JERUSALEM: L'armée israélienne a accusé mercredi le Hezbollah pro-iranien d'une "violation flagrante" de l'accord de cessez-le-feu au Liban, après le lancement, selon elle, d'un drone explosif visant un véhicule militaire israélien dans le sud du pays.

"Dans la nuit de mardi à mercredi, le Hezbollah a lancé un drone chargé d'explosifs en direction d'un véhicule du génie de l'armée israélienne dans la région de la crête d'Ali al-Taher, au sein de la zone de sécurité", indique le communiqué militaire.

"Cet incident constitue une violation flagrante de l'accord de cessez-le-feu au Liban par l'organisation terroriste du Hezbollah", poursuit-il.

Un accord-cadre a été conclu le 26 juin entre Israël et le Liban, sous l'égide des Etats-Unis, en vue de mettre fin à la guerre entre les deux pays.

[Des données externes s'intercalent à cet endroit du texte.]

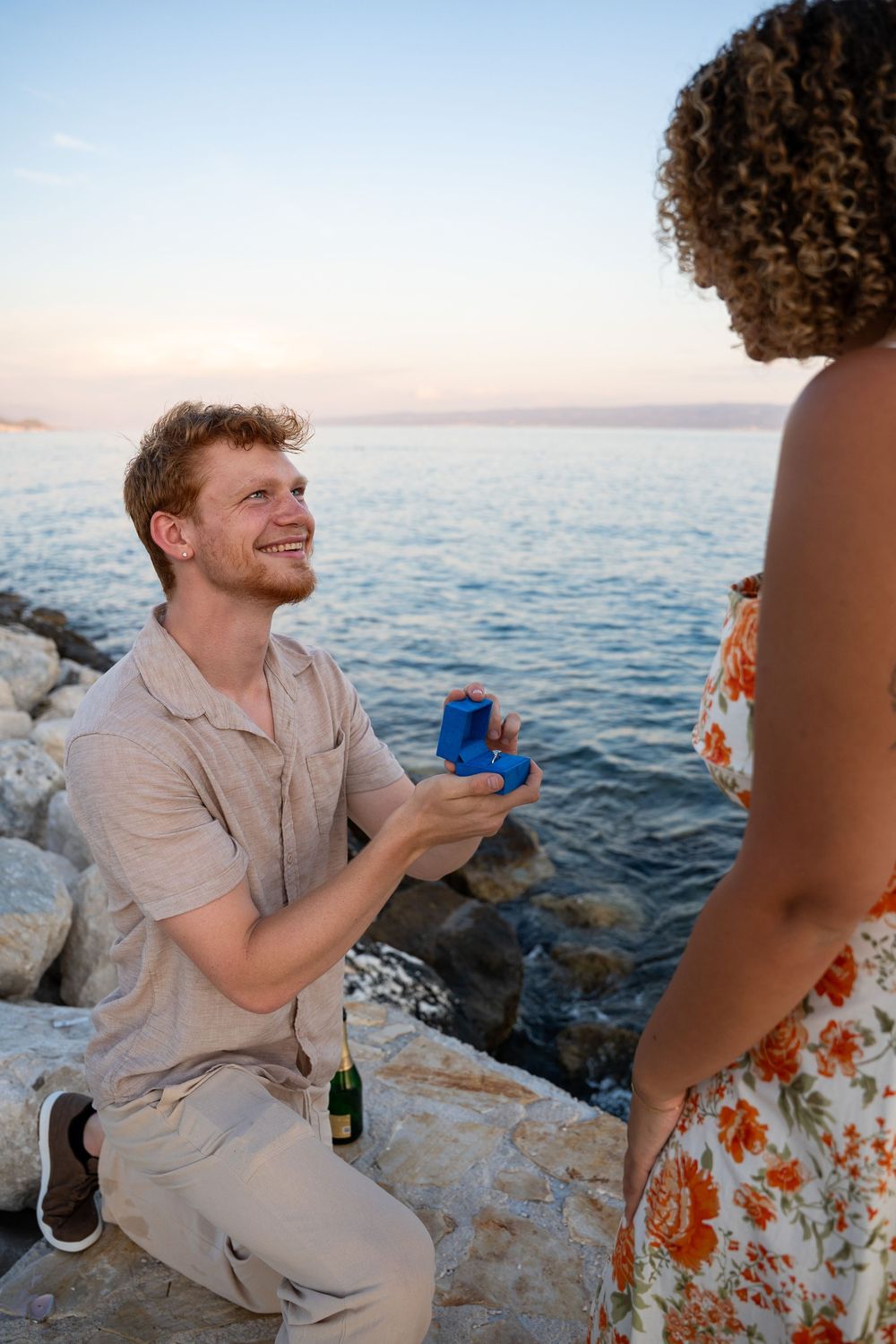 Beach surprise proposal at Žnjan Beach, Split, Croatia captured by Split proposal photographers during a romantic sunset engagement.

Son application prévoit notamment la mise en place de "zones pilotes" dans le sud du Liban, où le désarmement du Hezbollah doit constituer un test avant un retrait progressif des forces israéliennes d'autres secteurs.

Le mouvement chiite, soutenu par l'Iran, rejette cet accord et refuse de déposer les armes, mais n'a toutefois pas revendiqué d'attaque depuis le 20 juin.

Le Hezbollah avait entraîné le Liban dans la guerre régionale le 2 mars en attaquant Israël, en soutien à l'Iran.

Israël a riposté par une vaste campagne de bombardements et une offensive terrestre, ayant fait plus d'un million de déplacés.

Il continue d'occuper des zones du sud du Liban sur une dizaine de kilomètres à l'intérieur du territoire du pays voisin.

L'armée israélienne a indiqué que des troupes continueraient d'y être déployées pour une période indéterminée, "afin d'éliminer les menaces et d'améliorer la défense des habitants du nord d'Israël".

Dimanche, l'armée libanaise a condamné la poursuite des opérations militaires d'Israël dans le sud du Liban, qui l'empêche selon elle de s'y déployer comme prévu par l'accord signé en juin entre les deux pays à Washington.